Collection entries:
┄┄┄┄┄┄┄┄┄┄┄┄┄┄┄┄┄┄┄┄

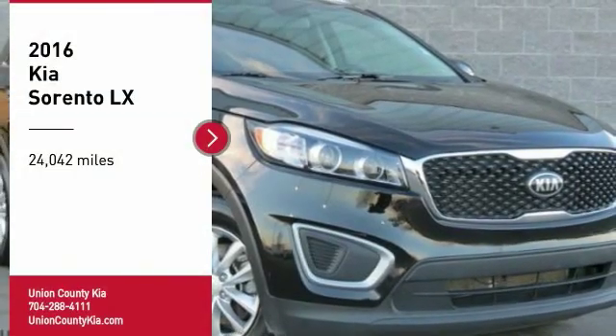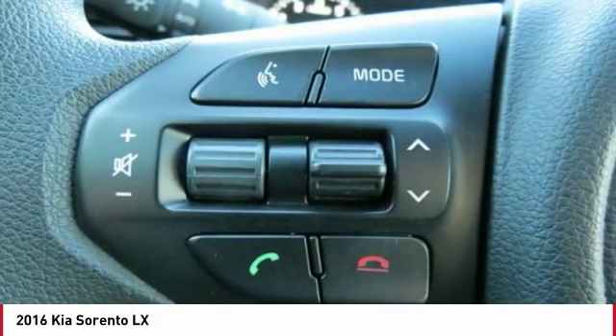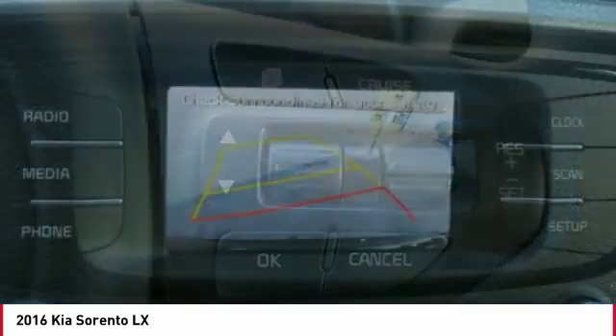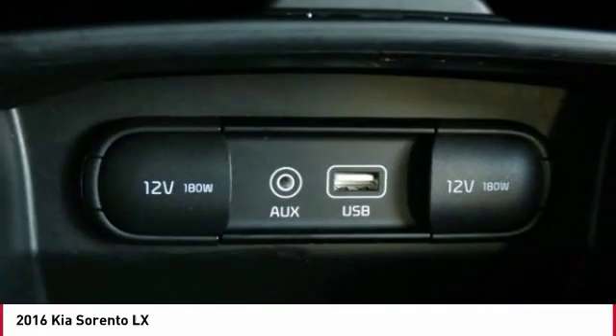Take a ride in the 2016 Sorento. The Kia Sorento is a comfortable riding, powerful, compact SUV loaded with impressive standard features. Take one look at its stylish, sleek design and you'll want to cross over to a Sorento.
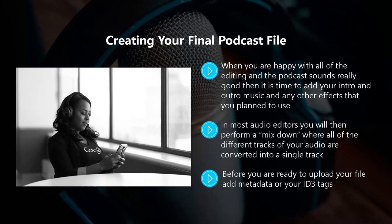Before you are ready to upload your file, add metadata or your ID3 tags. Here you will provide the necessary information so that your listeners can see important details about your podcast — things like the name of the podcast, the episode number, the summary, and so on. Adding your ID3 tags in editing applications such as Audacity and GarageBand using iTunes is really easy, and there are a number of videos on YouTube that will show you exactly how to do this.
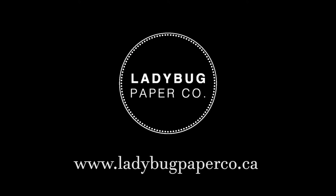Today's video is brought to you in part by Ladybug Paper Company. Check out their full line of products at www.ladybugpaperco.ca.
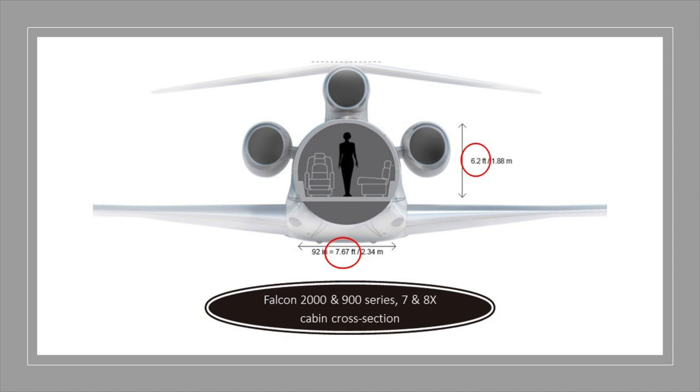Its maintenance was considered from the start through full-scale simulations of tool handling and human interaction. Designers verified every single maintenance action, resulting in future tasks already optimized. As a result, 7X operators benefit by knowing the complexity and time required for each maintenance procedure.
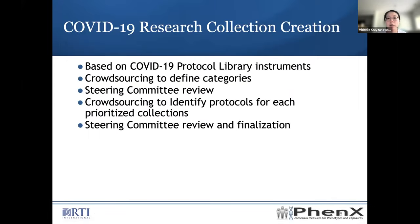Due to the development of the COVID-19 Protocol Library, this informed and led to the development of the COVID-19 Research Collection, because there were a lot of protocols in the library. We wanted to provide a more concise collection focused on key topic areas people were focused on from the pandemic. We ended up basing the research collection from library instruments, crowdsourced to define the categories, and had our PhenX Steering Committee review the categories. We then conducted another round of crowdsourcing to identify protocols for each of the prioritized collections, and the Steering Committee reviewed and we finalized the collection.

┄┄┄┄┄┄┄┄┄┄┄┄┄┄┄┄┄┄┄┄

- What you should do -
Quote every record above exactly, leaving out any pictures.

- Task response -
Take a ride in the 2016 Sorento. The Kia Sorento is a comfortable riding, powerful, compact SUV loaded with impressive standard features. Take one look at its stylish, sleek design and you'll want to cross over to a Sorento.
Before you are ready to upload your file, add metadata or your ID3 tags. Here you will provide the necessary information so that your listeners can see important details about your podcast — things like the name of the podcast, the episode number, the summary, and so on. Adding your ID3 tags in editing applications such as Audacity and GarageBand using iTunes is really easy, and there are a number of videos on YouTube that will show you exactly how to do this.
Today's video is brought to you in part by Ladybug Paper Company. Check out their full line of products at www.ladybugpaperco.ca.
Its maintenance was considered from the start through full-scale simulations of tool handling and human interaction. Designers verified every single maintenance action, resulting in future tasks already optimized. As a result, 7X operators benefit by knowing the complexity and time required for each maintenance procedure.
Due to the development of the COVID-19 Protocol Library, this informed and led to the development of the COVID-19 Research Collection, because there were a lot of protocols in the library. We wanted to provide a more concise collection focused on key topic areas people were focused on from the pandemic. We ended up basing the research collection from library instruments, crowdsourced to define the categories, and had our PhenX Steering Committee review the categories. We then conducted another round of crowdsourcing to identify protocols for each of the prioritized collections, and the Steering Committee reviewed and we finalized the collection.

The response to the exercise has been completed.